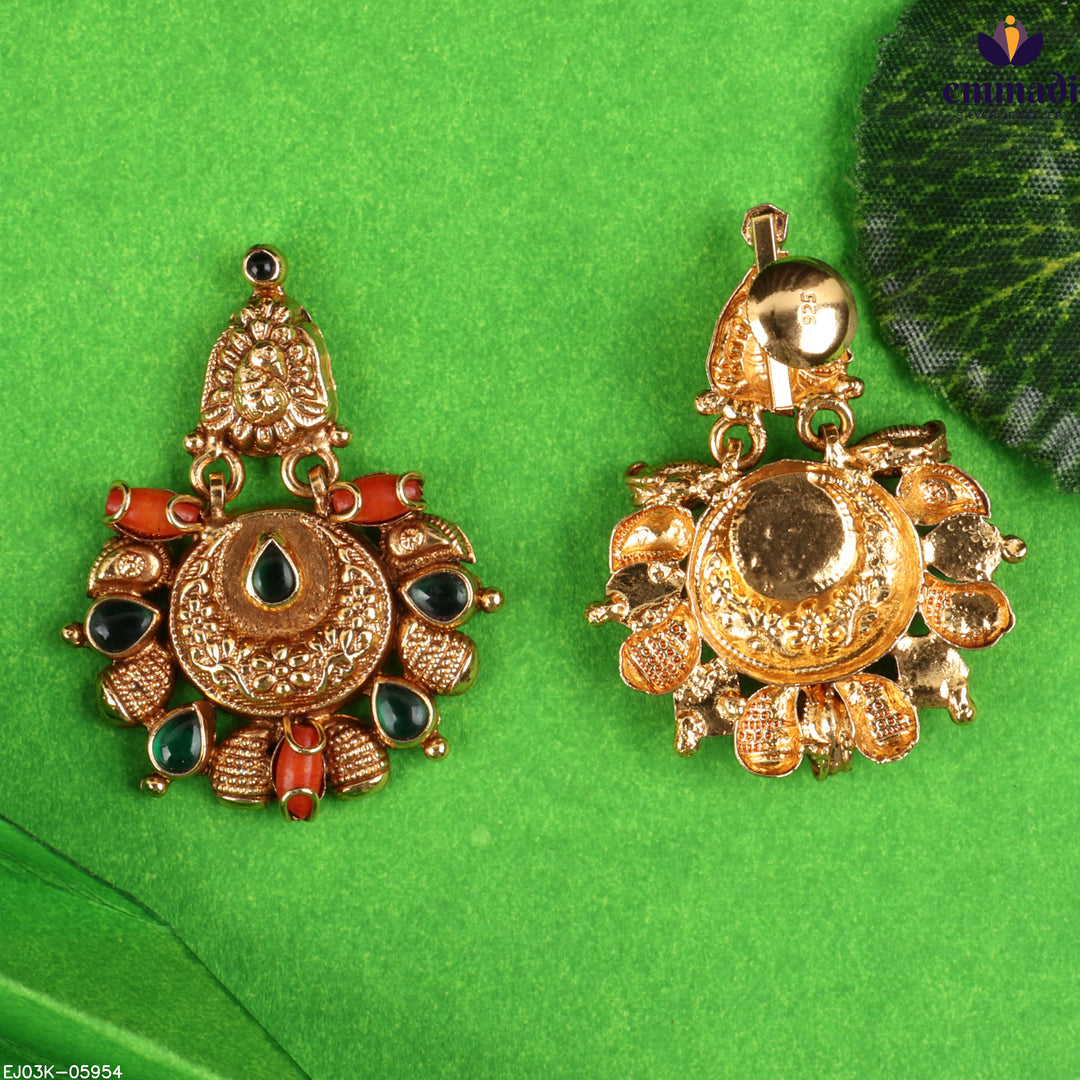 Hangings Antique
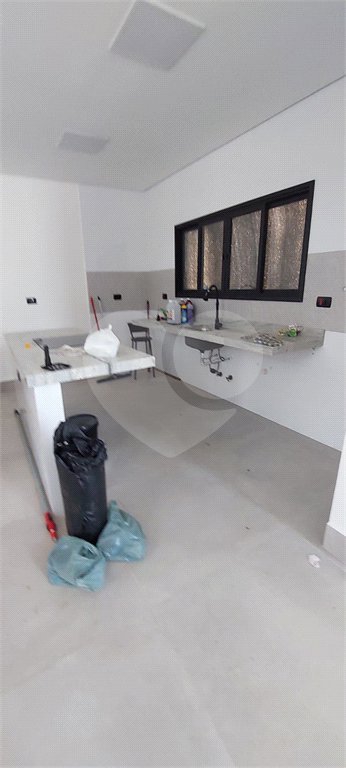 Casa à venda ou para alugar com 5 quartos, sendo 3 suítes, no condomínio Figueira Garden, Atibaia - SP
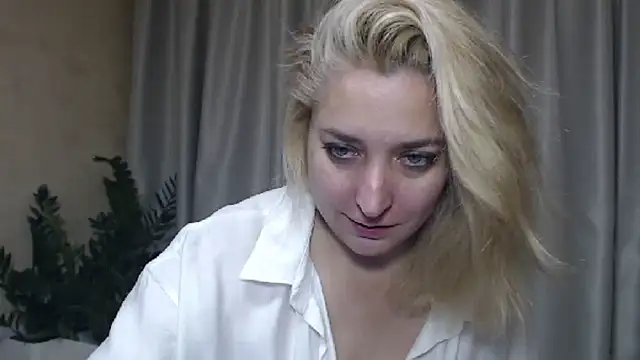 sweetpussy13 online show from September 19, 2025, 5:55 am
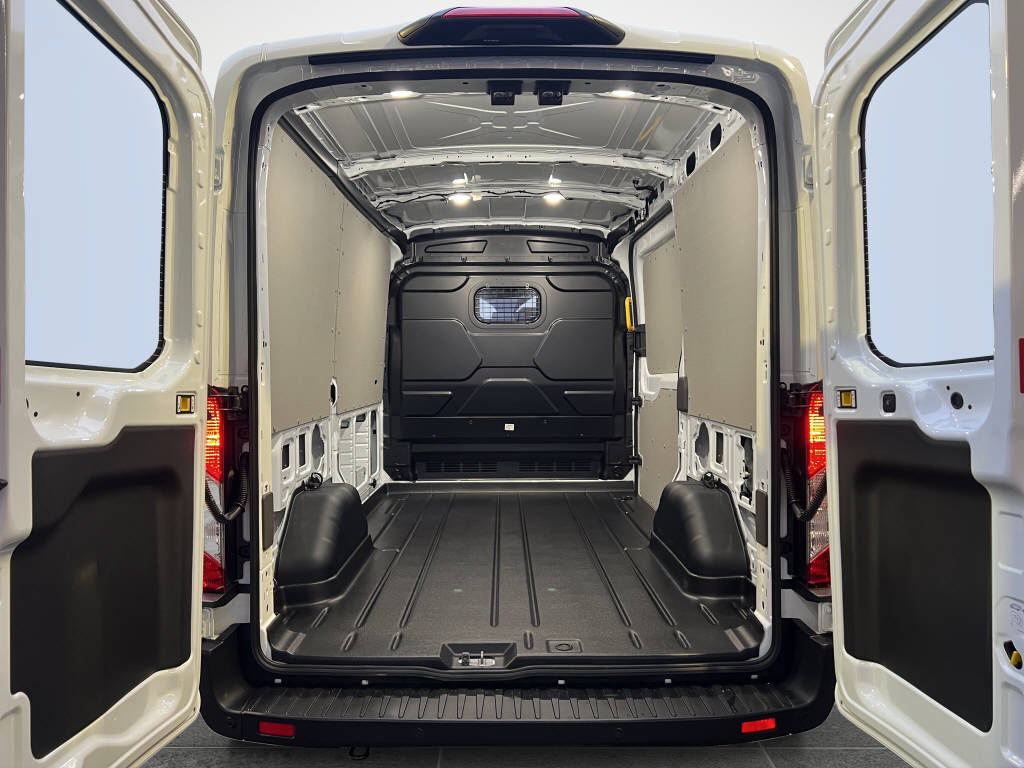 FORD Transit Van 310 L2H2 2.0 EcoBlue 130 Trend-image-12
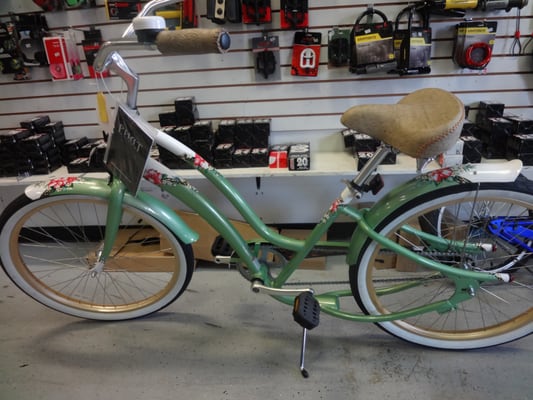 A beach cruiser from Phat.  In stock 9/18/14.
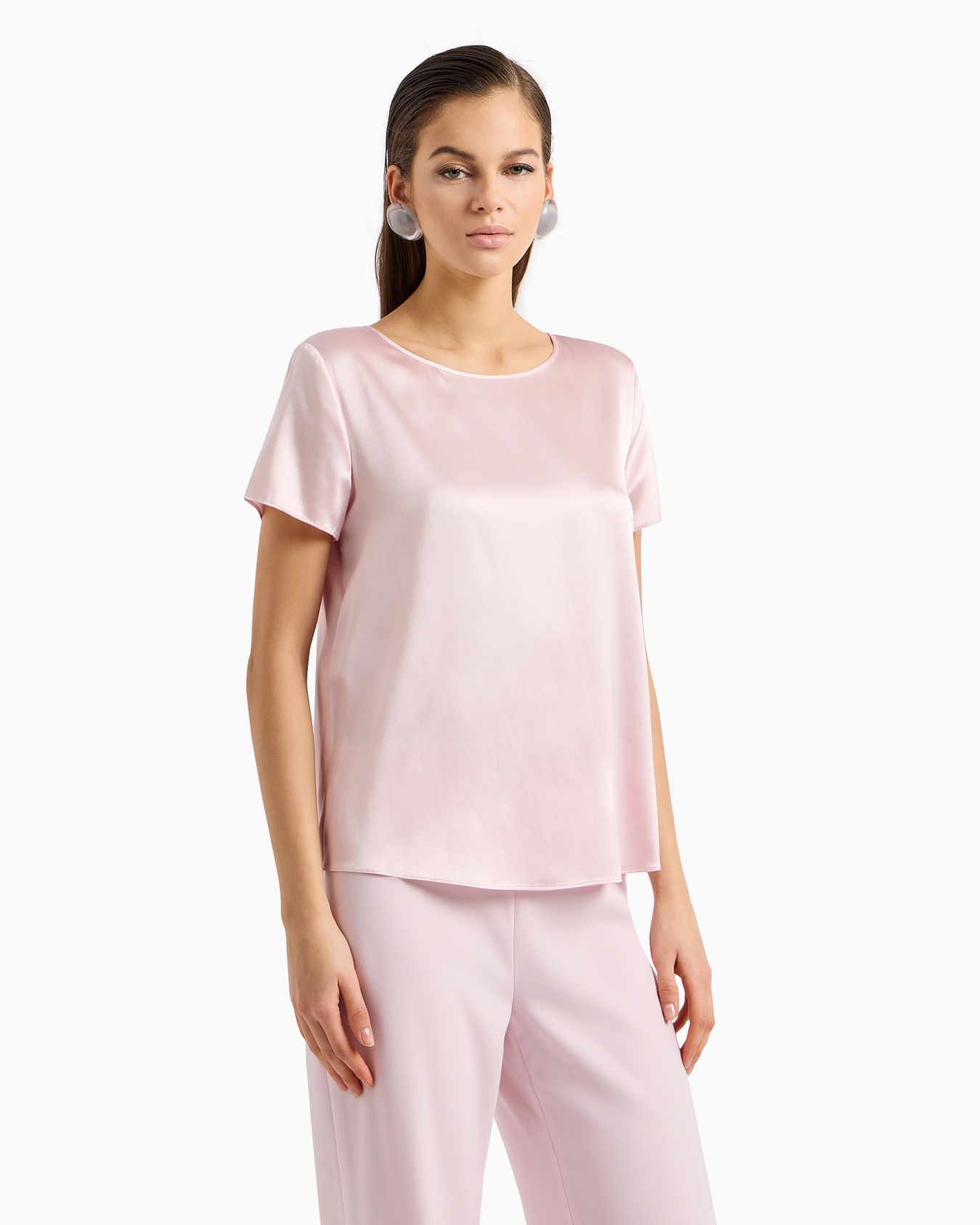 Blouse à manches courtes en satin de soie Diapositive 1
--------------------
Problem = All lines after and including the one with "A beach cruiser", through the end of the entries above, should be output exactly and by themselves. The pictures are to be left out.

Final answer =
 A beach cruiser from Phat.  In stock 9/18/14.
 Blouse à manches courtes en satin de soie Diapositive 1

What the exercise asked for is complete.